What you have to do =>
What you write must match, character for character, the lines from the one with "Image of Peora" down to the one with "Nori Sushi & Grill menu board" in the listing below, minus its pictures.

Given data =>

************

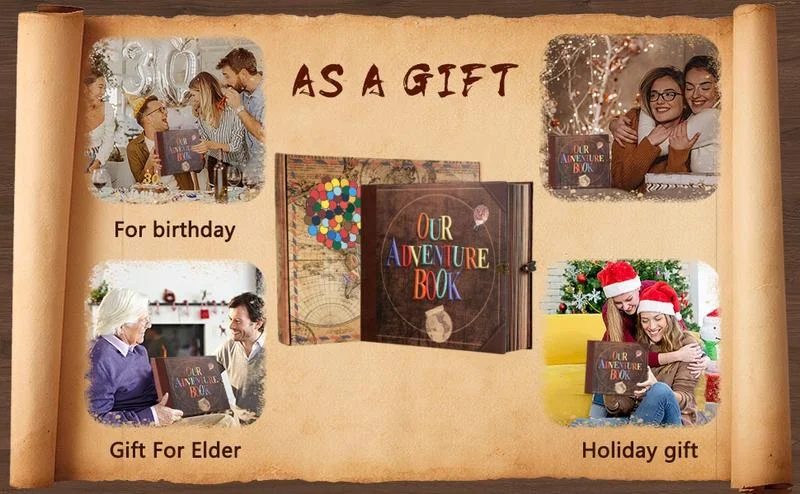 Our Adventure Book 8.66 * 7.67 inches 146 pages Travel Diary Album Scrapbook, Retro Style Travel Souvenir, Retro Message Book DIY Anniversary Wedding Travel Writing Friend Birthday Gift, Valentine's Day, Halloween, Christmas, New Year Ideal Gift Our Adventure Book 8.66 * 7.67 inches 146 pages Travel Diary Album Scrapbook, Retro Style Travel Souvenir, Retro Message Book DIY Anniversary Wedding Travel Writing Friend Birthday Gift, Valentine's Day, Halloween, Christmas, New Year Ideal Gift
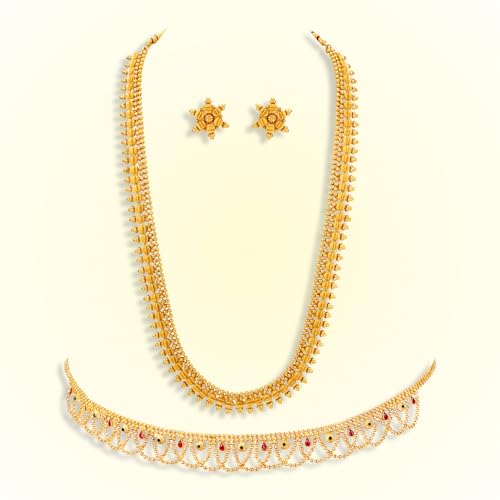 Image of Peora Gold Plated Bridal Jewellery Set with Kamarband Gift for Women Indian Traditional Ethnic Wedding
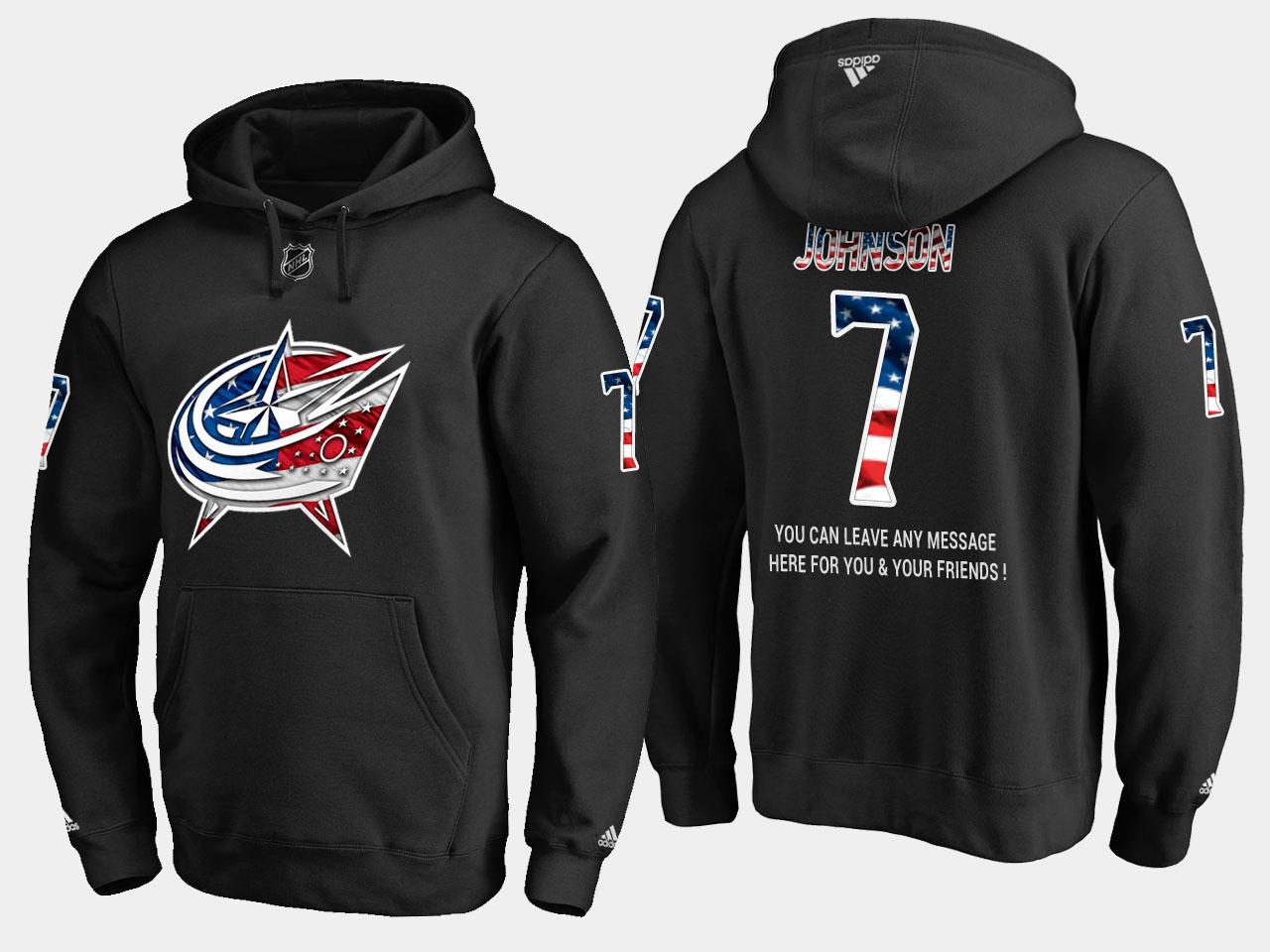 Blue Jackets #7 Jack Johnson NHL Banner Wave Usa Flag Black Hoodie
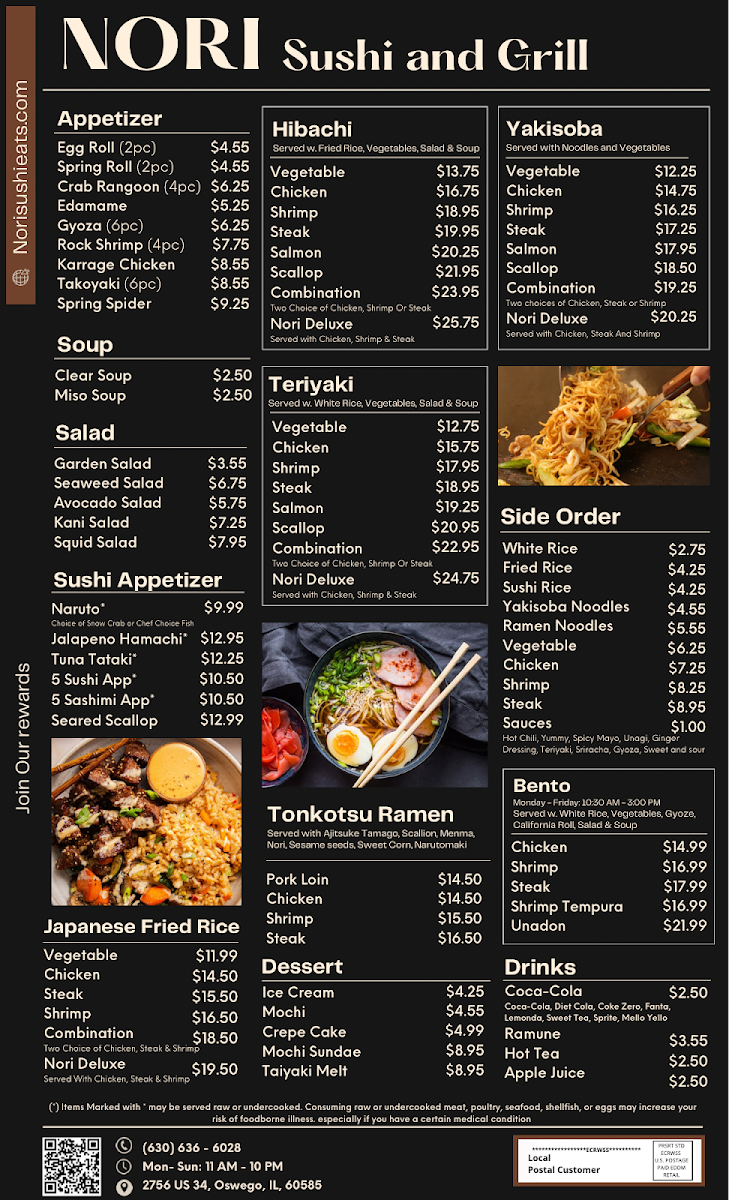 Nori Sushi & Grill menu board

************

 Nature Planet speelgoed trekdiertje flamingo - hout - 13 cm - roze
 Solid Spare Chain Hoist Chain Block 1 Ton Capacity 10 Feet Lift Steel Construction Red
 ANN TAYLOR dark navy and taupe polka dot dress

************

Answer space =>
 Image of Peora Gold Plated Bridal Jewellery Set with Kamarband Gift for Women Indian Traditional Ethnic Wedding
 Blue Jackets #7 Jack Johnson NHL Banner Wave Usa Flag Black Hoodie
 Nori Sushi & Grill menu board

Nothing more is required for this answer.